I've turn into quite the weather geek with all the storms hitting DelMarVa.

Worried about our members in Alaska based on the weather channel headline calling this an epic storm. After the October storm impacting many I just want to make sure you guys are okay!

Praying! ray:


----------



## Randi (Apr 22, 2011)

ray: I was just going to post the same thing. I'm praying with you. Good to see you. Where in the wide world have you been!


----------



## peggy (Aug 11, 2010)

We must be getting some of the storm here in north central B.C. cause it is snowing like crazy and we are supposed to get 15cm today. Snow is supposed to turn to rain tonight and boy that will make a mess.


----------



## toth boer goats (Jul 20, 2008)

Prayers sent.. to all that are in the bad weather..... :hug: ray:


----------



## StaceyRosado (Oct 5, 2007)

I know AlaskaBoers is in Kentucky right now.


----------



## Mandara Farm (Sep 12, 2010)

Yikes! :shocked: Another one???
Hang tight everyone -- keep your generators at the ready and stay warm! I hope the news media is just over-reacting to create ratings... Still, I will pray for everyone's continued safety and wellbeing ray:


----------



## HoosierShadow (Apr 20, 2010)

I am behind on all the headlines I did hear mention of a storm but didn't know it was going to be so bad. My thoughts and prayers are with everyone that will be affected <and now I need to tune into some headlines and get caught up! sheesh  >



StaceyRoop said:


> I know AlaskaBoers is in Kentucky right now.

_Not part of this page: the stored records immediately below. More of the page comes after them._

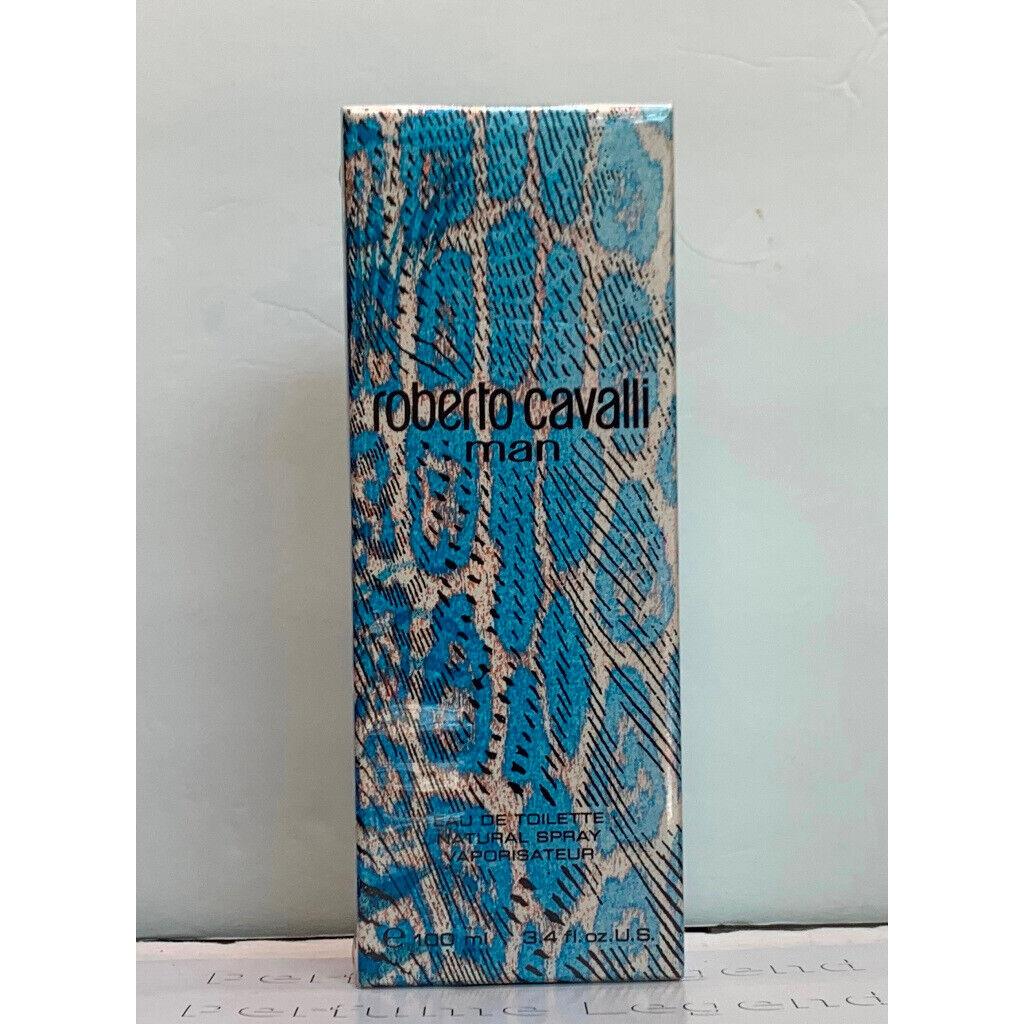 Roberto Cavalli Man 3.4FL.OZ Eau DE Toilette Spray SKU:4109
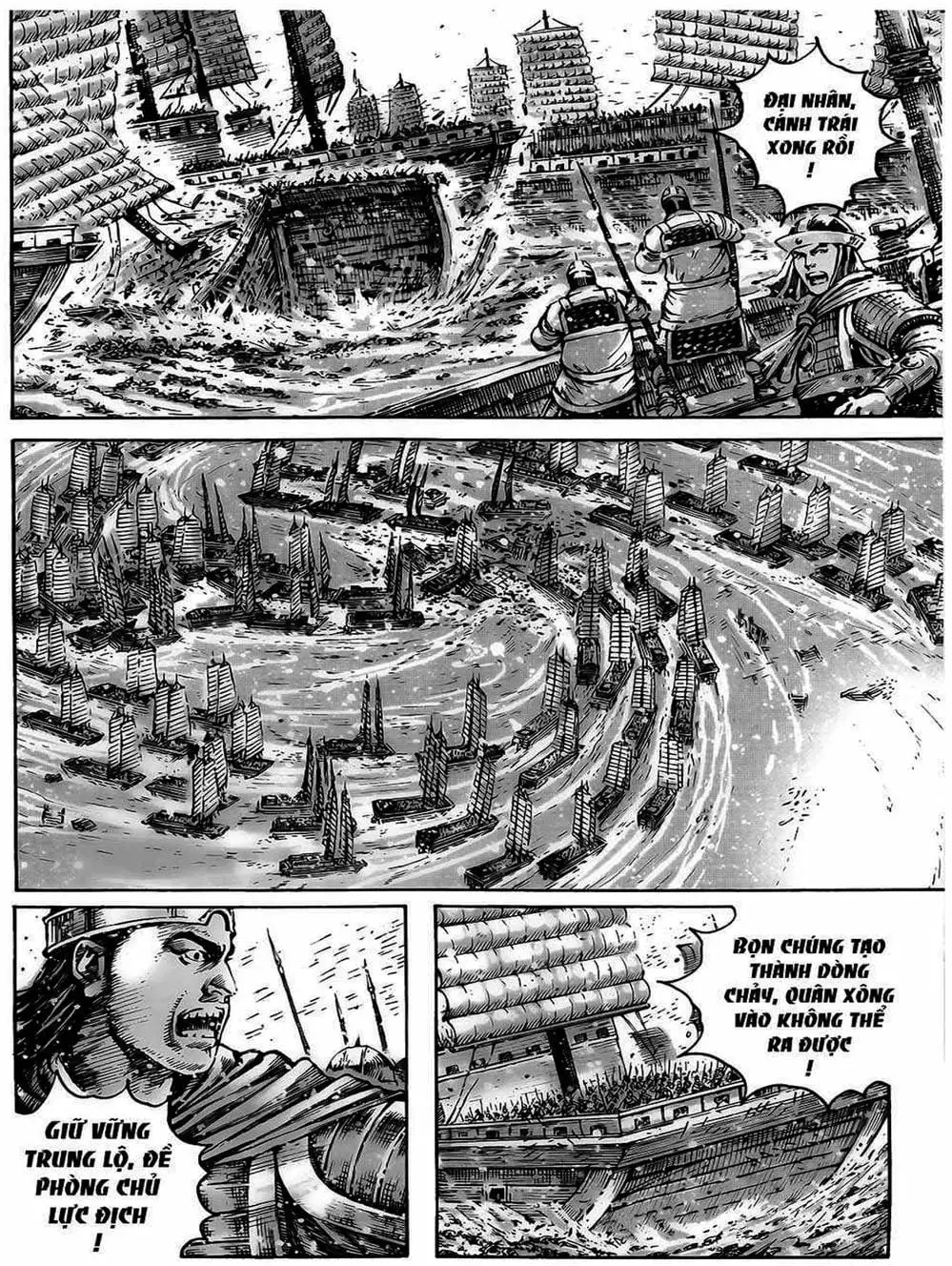 Truyện Tranh Hỏa Phụng Liêu Nguyên trang 3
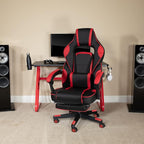Flash Furniture X40 Gaming Chair Racing Ergonomic Computer Chair - Image 2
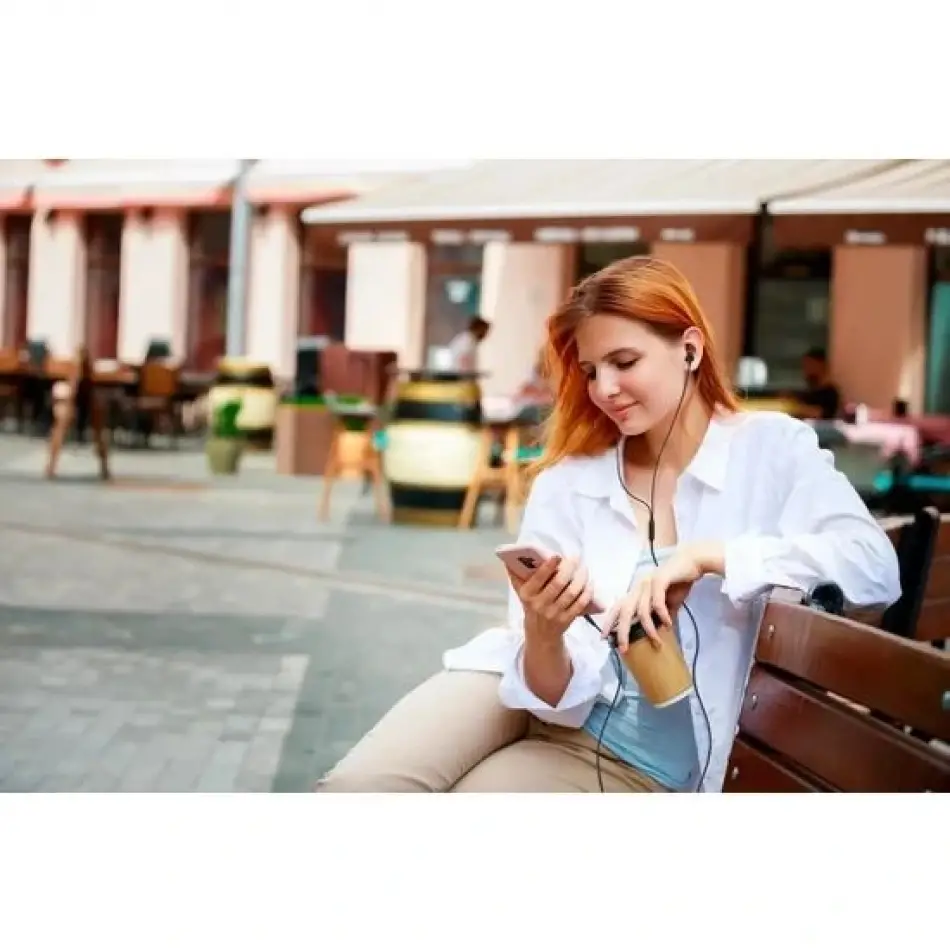 Philips Tae1126bk/51 Kablolu Kulakiçi Mikrofonlu K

And how did I not know this? Darn...I am in KY wonder if she is near me?


----------



## mrs. lam (Apr 20, 2010)

ray: Sent to everyone who is in the path of this storm. Hunker down and hang on tight. Praying for your animals as well.

Gina


----------



## GingersMaMa (Aug 4, 2011)

ray: ray: ray: ray: ray: ray: ray: ray: ray: ray: ray: ray: ray: ray: ray: ray: ray: ray: ray: ray: ray: 
Sending lots of prayers to those who may be in the path of this storm!! :grouphug:


----------



## Mon Reve Farm (Jun 25, 2010)

They're saying the height of the snow and hurricane-force winds hit Nome around 2am. The next concern is the storm surge from the sea late tonight. They expect it to hit 9 feet. So the potential for more damage is still there.


----------



## freedomstarfarm (Mar 25, 2011)

ray: Stay safe everyone!


----------



## sweetgoats (Oct 18, 2007)

Please let us know you are all ok when you can.


----------